During the first half of 2019, cybercriminals increased the intensity of both IoT and SMB-related attacks according to a new report from F-Secure.
The firm’s “Attack Landscape H1 2019” report highlighted the threat unsecured IoT devices can pose to businesses and consumers as well as the continued popularity of Eternal Blue and similar exploits two years after the WannaCry ransomware was released on the world.
F-Secure uses decoy servers called honeypots to lure in attackers to collect information on their activities and this year its honeypots measured a twelvefold increase in IoT and SMB-related attacks compared to the same period a year ago. This increase was driven by traffic targeting the Telnet and UPnP protocols, which are used by IoT devices, as well as the SMB protocol, which is used by the Eternal family of exploits to spread ransomware and banking Trojans.
Telnet, UPnP and SMB traffic
The largest share of traffic during H1 2019 was led by Telnet with over 760m attack events logged or around 26 percent of traffic. UPnP was the next most frequent with 611m attacks followed by SSH, which is also used to target IoT devices, at 456m attacks.
IoT devices that have been infected with malware such as Mirai are likely sources of this traffic as Mirai was the most common malware family observed by F-Secure’s honeypots.
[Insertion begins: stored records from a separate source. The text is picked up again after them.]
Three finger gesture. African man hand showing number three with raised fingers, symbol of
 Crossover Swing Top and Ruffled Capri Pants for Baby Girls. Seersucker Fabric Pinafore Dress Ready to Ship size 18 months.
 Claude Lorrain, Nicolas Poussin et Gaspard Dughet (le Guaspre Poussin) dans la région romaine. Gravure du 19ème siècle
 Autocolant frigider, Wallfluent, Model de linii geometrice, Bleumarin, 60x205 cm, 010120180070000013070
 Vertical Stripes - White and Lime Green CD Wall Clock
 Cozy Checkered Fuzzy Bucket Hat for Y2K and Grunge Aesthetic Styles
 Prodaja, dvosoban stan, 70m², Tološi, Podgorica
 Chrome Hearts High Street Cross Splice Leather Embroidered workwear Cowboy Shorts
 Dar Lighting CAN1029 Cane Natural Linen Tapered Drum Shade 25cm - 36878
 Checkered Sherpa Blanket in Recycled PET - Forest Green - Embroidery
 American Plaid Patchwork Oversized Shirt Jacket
Mirai targets and infects routers, security cameras and other IoT devices which use factory default credentials.
F-Secure also found that traffic to SMB port 445 accounted for 556m attacks. The high level of SMB traffic indicates that the Eternal family of exploits, which were first used in 2017’s WannaCry ransomware outbreak, are still being used by cybercriminals looking to target millions of machines that have not yet been patched.
Principal researcher at F-Secure, Jarno Niemal provided further insight on the report’s findings, saying:
“Three years after Mirai first appeared, and two years after WannaCry, it shows that we still haven’t solved the problems leveraged in those outbreaks. The insecurity of the IoT, for one, is only getting more profound, with more and more devices cropping up all the time and then being co-opted into botnets. And the activity on SMB indicates there are still too many machines out there that remain unpatched.”